→ **Work instructions**
Print exactly, and only, the lines from the one containing "AJAZZ Tri-mode Gaming" through the last line of the records below, both included; leave out the pictures.

(Short web captions)
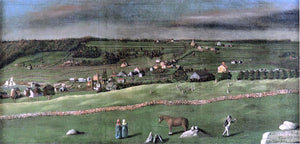  Jonathan Fisher Morning View of Blue Hill Village - Art Print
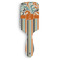 Orange Blue Swirls & Stripes Hair Brushes (Personalized)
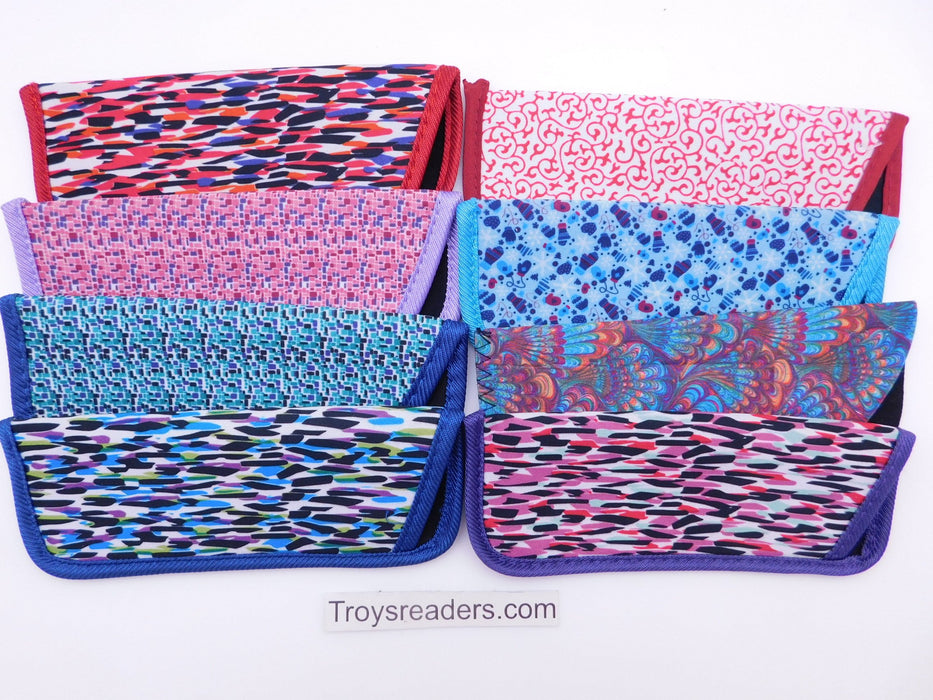 Colorful Light and Fun Prints Glasses Sleeve/Pouch in Nine Designs Cases 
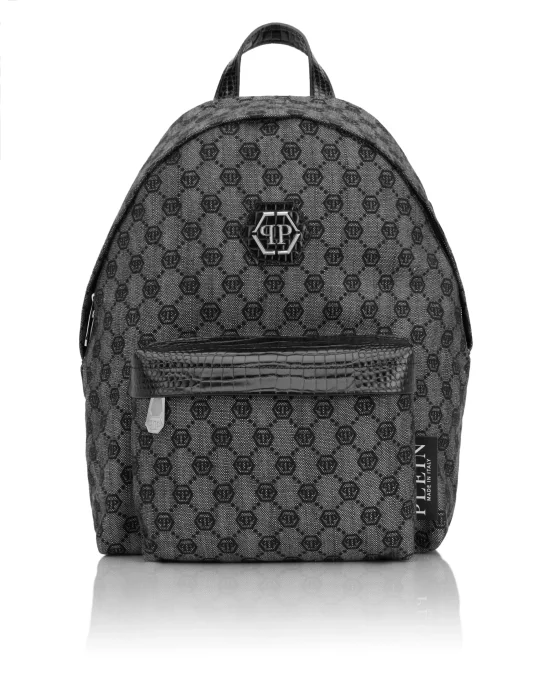 Denim Backpack Jacquard Monogram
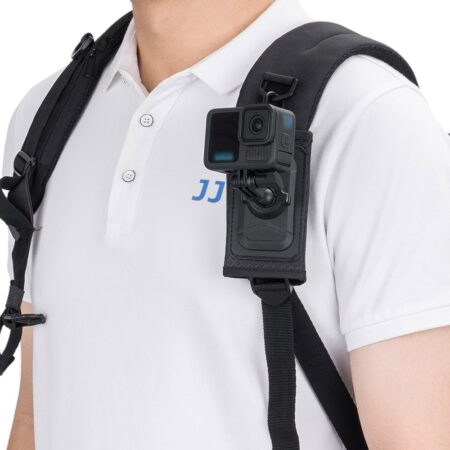 پایه نصب دوربین اکشن روی بند کوله‌ پشتی جی جی سی مدل SSCH-UN1 BLACK - Image 4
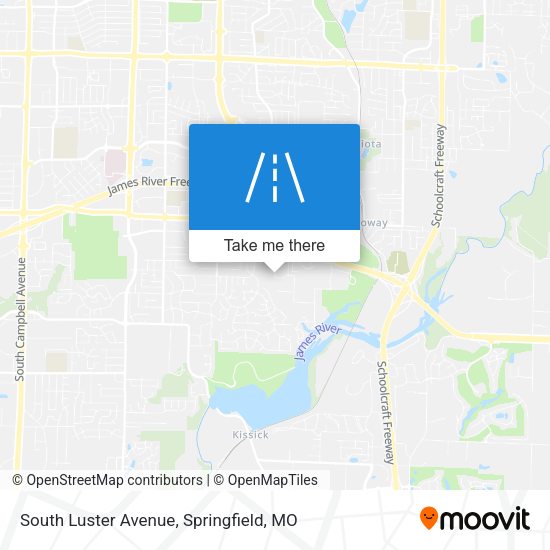 South Luster Avenue map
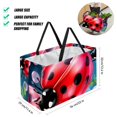 thumbnail image 2 of Seven Starred Ladybird Reusable Foldable Large Capacity Oxford Cloth Storage Basket Easter Picnic Basket, 2 of 7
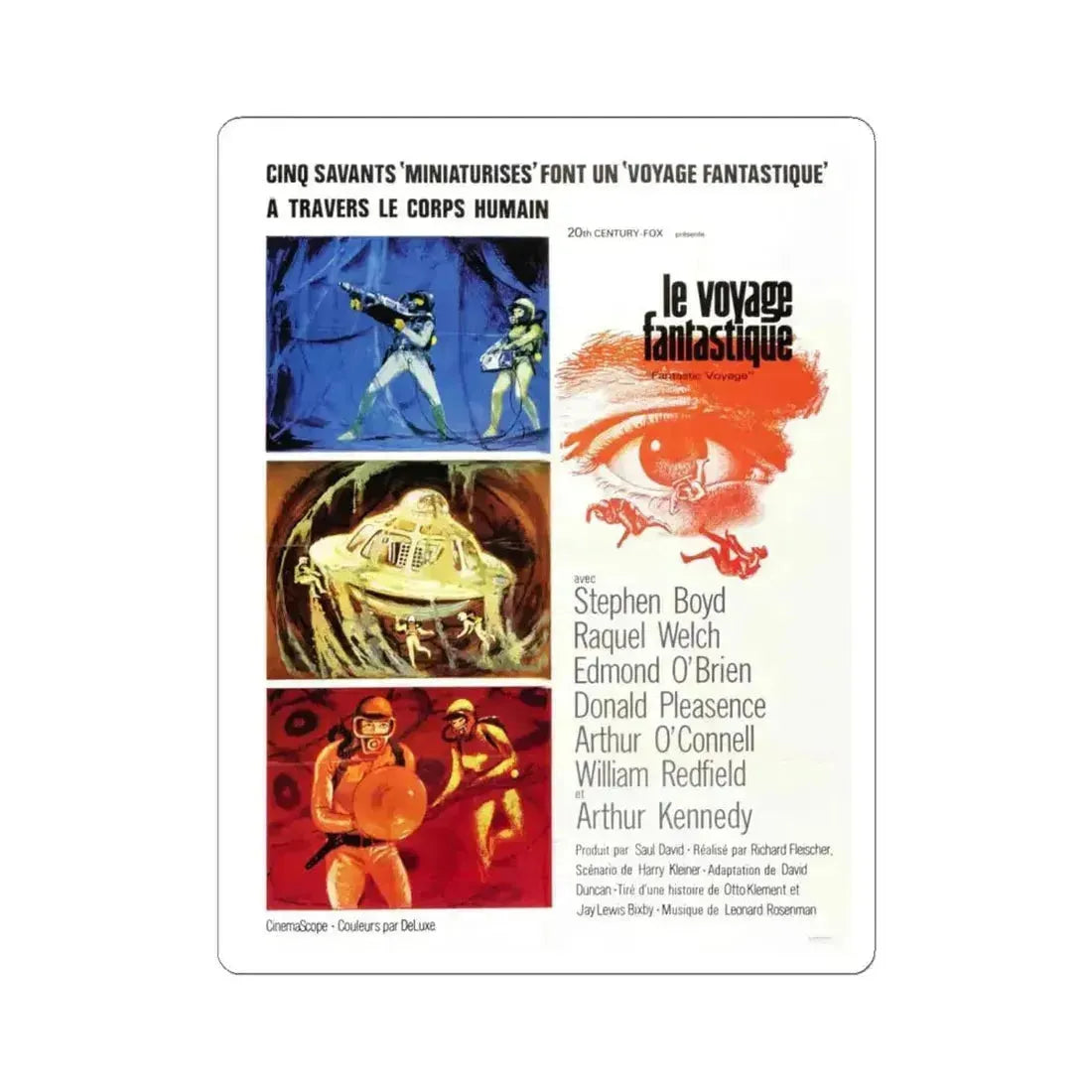 FANTASTIC VOYAGE 1966 Movie Poster - STICKER Vinyl Kiss-Cut Decal 6 Inch White - The Sticker Space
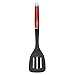 KitchenAid - Spatule Plate à Trous en Silicone et Inox - Couleur Rouge Cerise et Noir
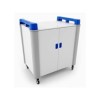 LapCabby 16V - 16 laptops or chromebooks up to 19&#39; - vertical storage 4 Sliding shelves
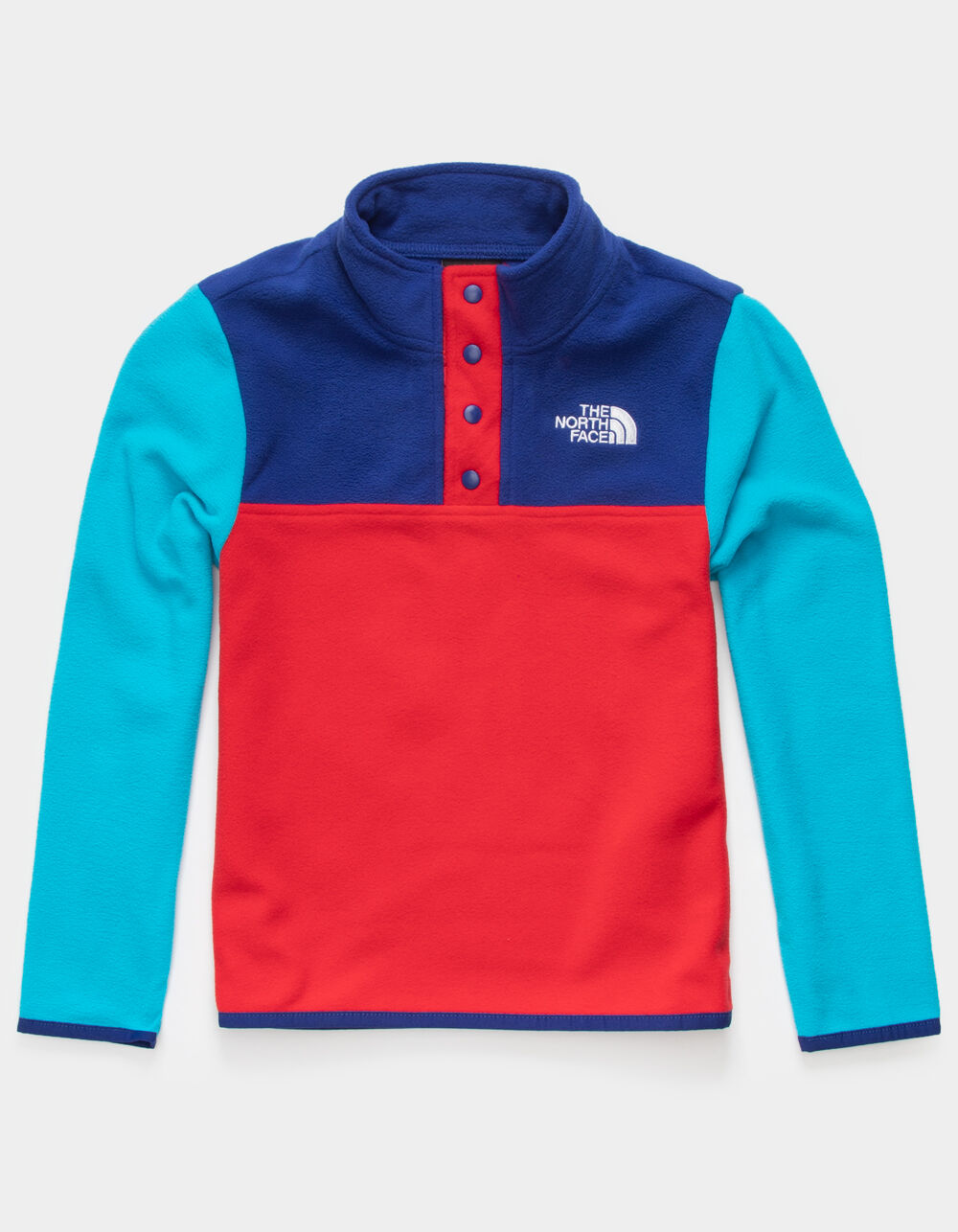 THE NORTH FACE Glacier Snap Little Boys Pullover Jacket (47) RED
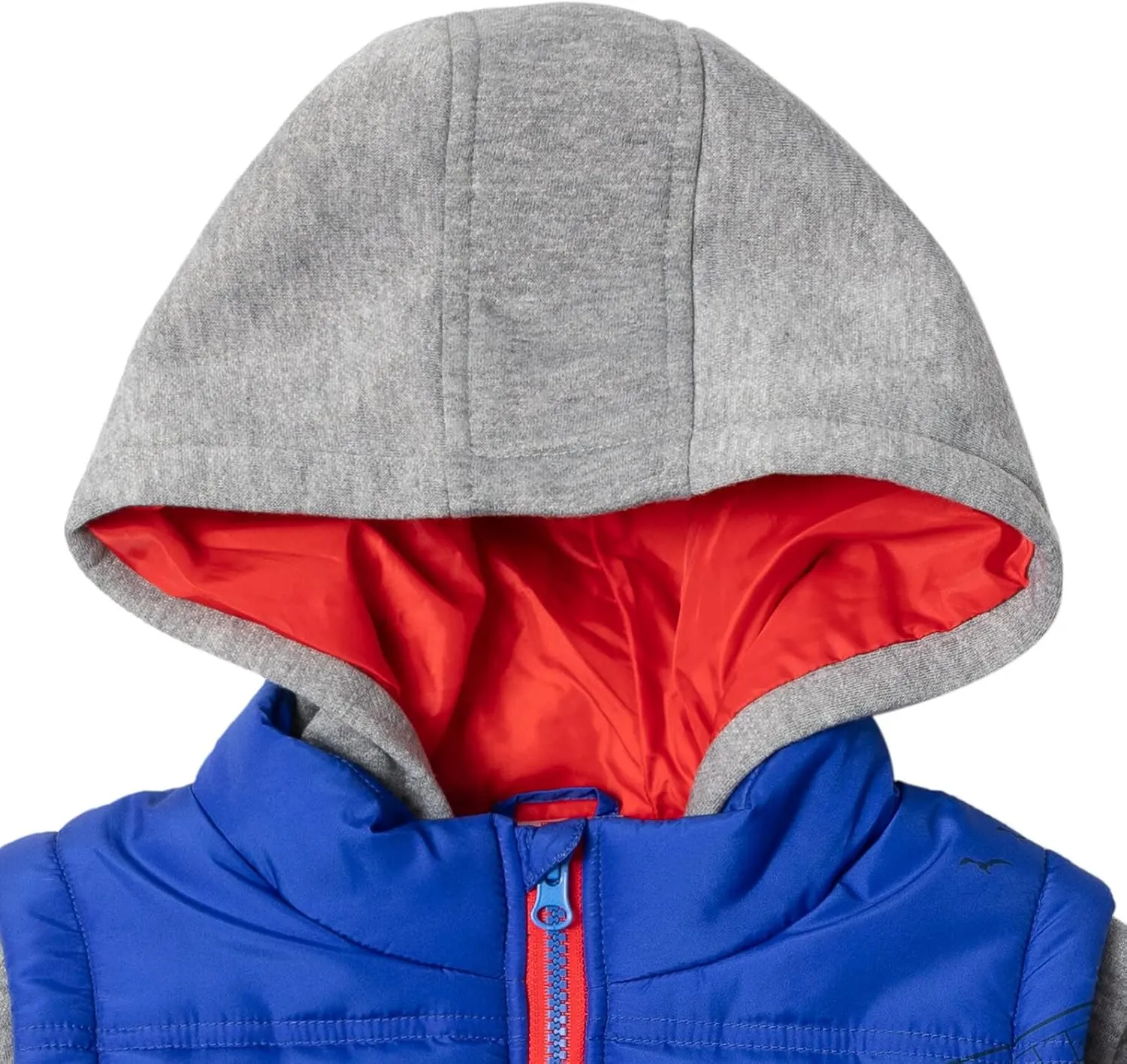 Marvel Spider-Man Zip Up Vest 2fer Jacket Toddler to Big Kid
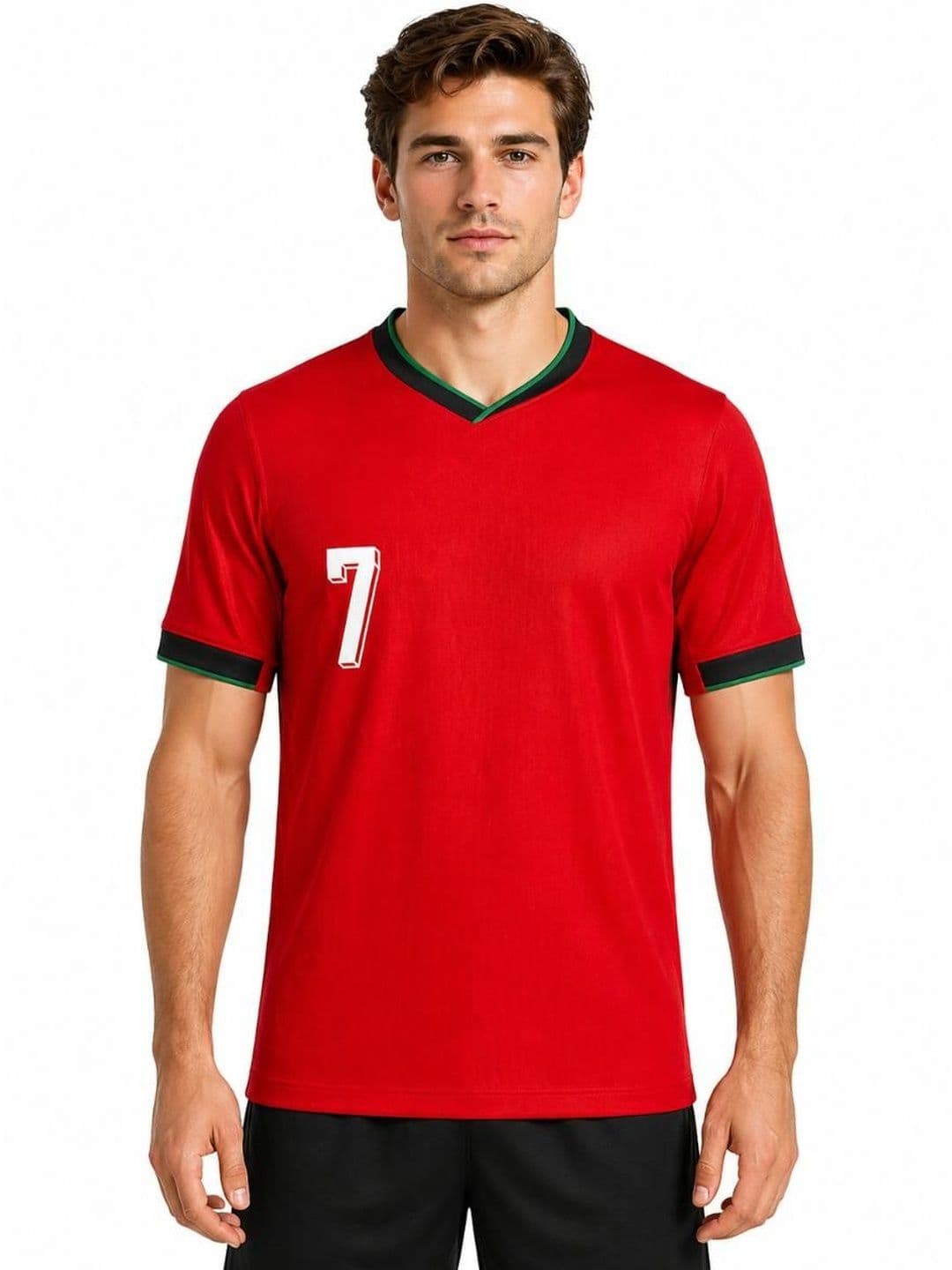 teky Men Solid V-Neck Sports T-shirt - view 1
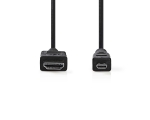 Кабель HDMI - micro HDMI, 2м, черный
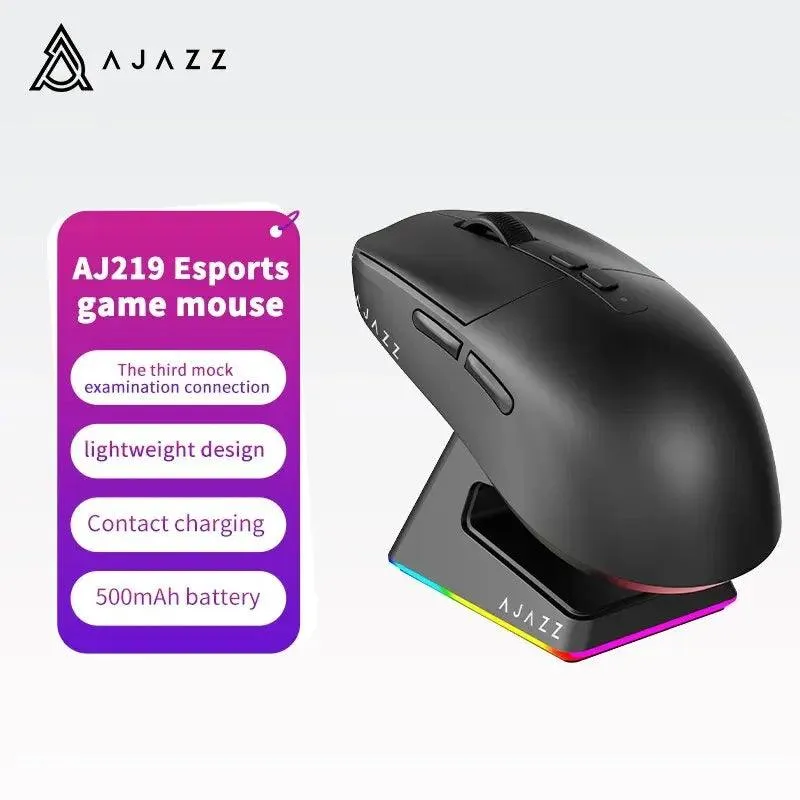 AJAZZ Tri-mode Gaming Mouse: Enhance Gaming with RGB Dock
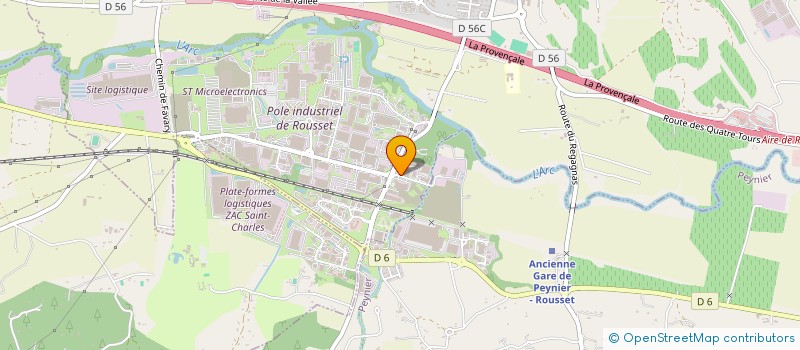 localisation de l'entreprise GNKAPPS à ROUSSET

→ **Written solution**
 AJAZZ Tri-mode Gaming Mouse: Enhance Gaming with RGB Dock
 localisation de l'entreprise GNKAPPS à ROUSSET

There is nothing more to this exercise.